The “carrier killer” strikes again. This week the Pentagon released its latest annual report on Chinese military power, warning that the People’s Liberation Army (PLA) has accumulated “staggering amounts of new military hardware.” Among its new panoply are DF-21D and DF-26B medium-range ballistic missiles, each of which comes in a ship killing variant. The report estimates the firing range of the DF-21D at over 900 miles. Meanwhile, the DF-26 can reputedly target moving ships nearly 2,500 miles distant.
That’s a lot of sea space. All of Southeast Asia—and far beyond—now lies within missile reach.
As though to preface and punctuate the Pentagon report, PLA rocketeers lofted a DF-21D and a DF-26 into the South China Sea in the days prior to its release. The missile tests came shortly after two U.S. Navy aircraft-carrier expeditionary forces cruised the embattled sea to dispute China’s claim to sovereignty over most of it. Commentators widely—and accurately—interpreted the tests as a reply to the U.S. deployment.

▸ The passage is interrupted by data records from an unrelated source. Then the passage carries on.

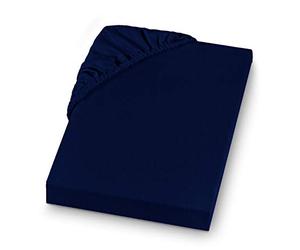 SETEX REFIBRA Lenzuola ad Angoli Elastici, Blu Scuro, 200 x 100cm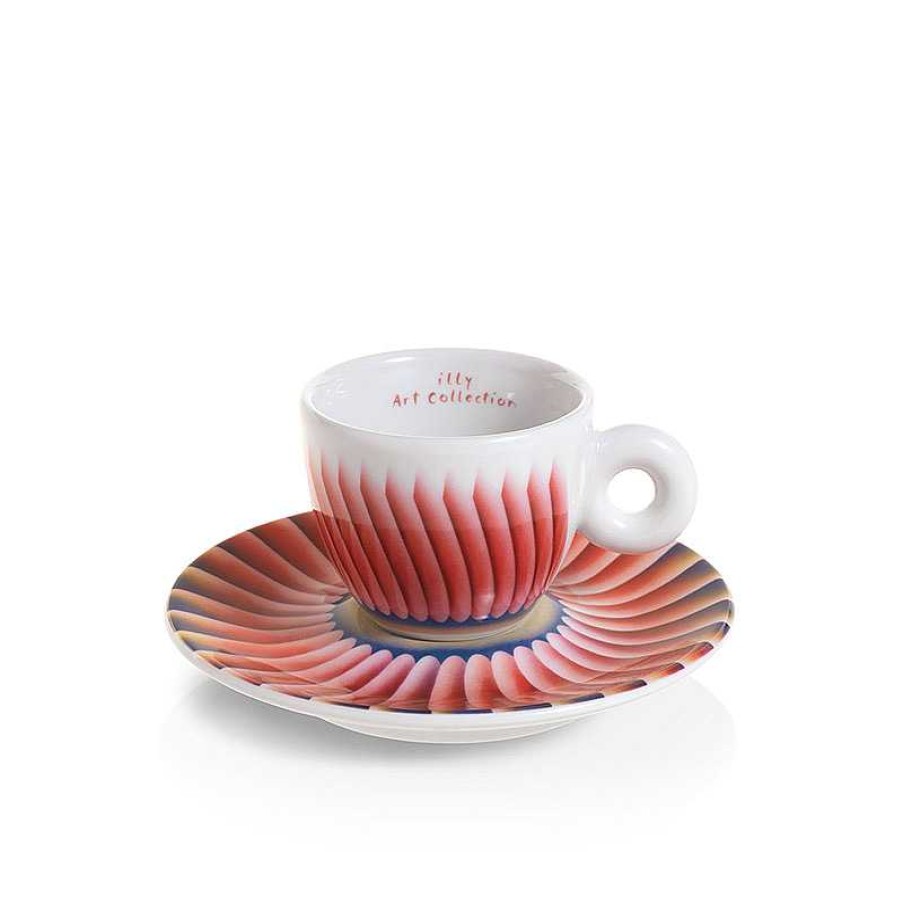 illy Art Collection illy | Set Da 2 Tazzine Da Espresso - Illy Art Collection Judy Chicago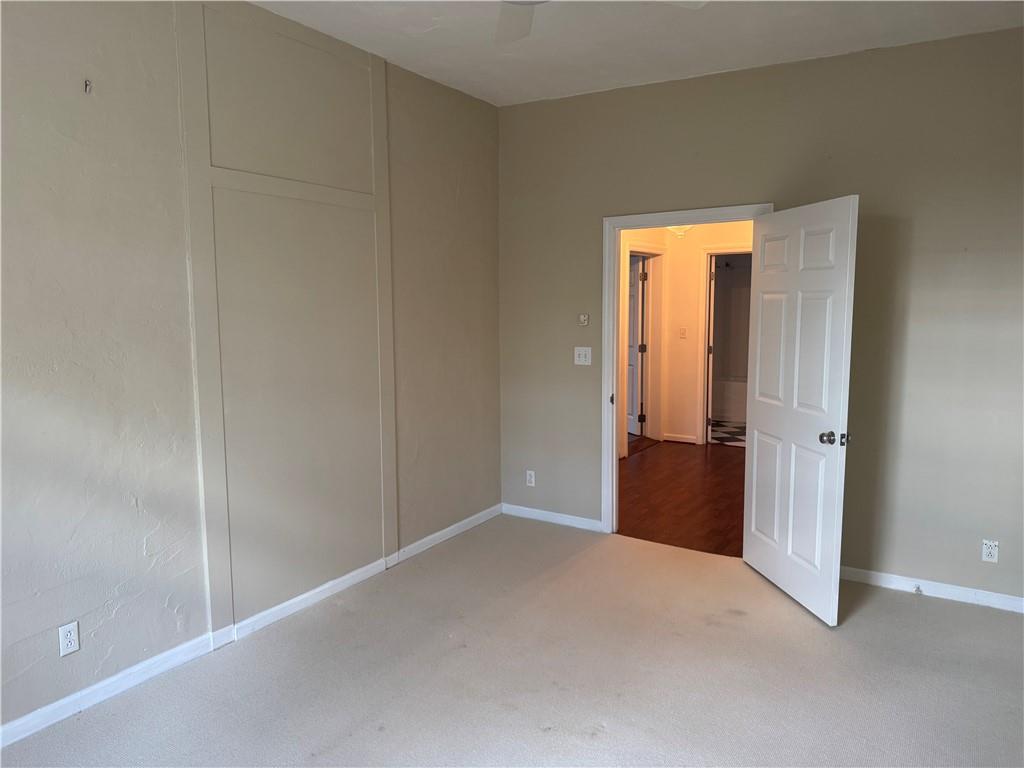 411 Water Works Road Sewickley, PA 15143 - Photo 18 of 36 a view of an empty room and closet area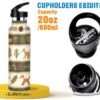 Gourde isotherme Miaozhen sans BPA isolation double paroi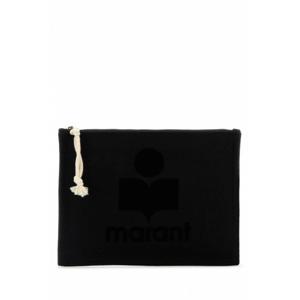 [ISABEL MARANT] 라프리마 여성 클러치 PO0046FAA1X18M 01BK 블랙 /2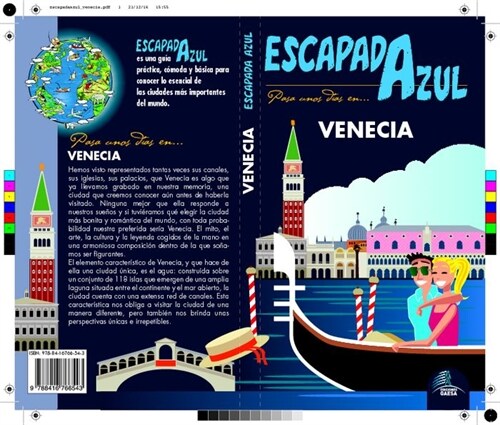 ESCAPADA VENECIA (Paperback)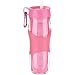 Trudeau Cool Off 24-Ounce Hydration Bottle, BCRF Pink
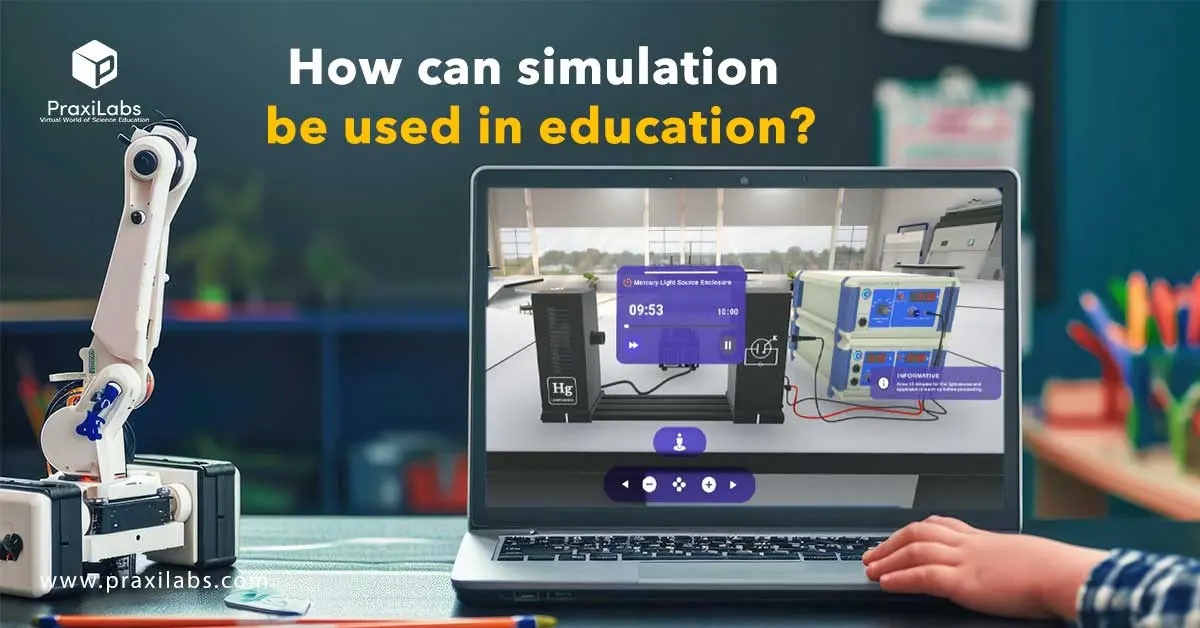 How can simulation be used in education?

Almost as an aside, reports on the missile tests indicated that the DF-26 launch came out of Qinghai, deep in the backcountry of northwestern China. This is significant. It puts Washington and the region on notice that the PLA can target hostile shipping with rocket forces that are virtually invulnerable to counterattack. DF-21D and DF-26 missiles are fired from trucks, making them hard to detect, engage, and destroy. But positioning them in the continental interior adds an extra layer of political difficulty. PLA overseers are evidently defying potential adversaries to strike into the Chinese homeland and infuriate the Chinese people to Beijing’s benefit. Giving the order to hit coastal sites would be hard enough for any foreign commander. Giving the order to venture far inland strains credulity to its breaking point. That’s deterrence.
Message: Fortress China now spans all of China.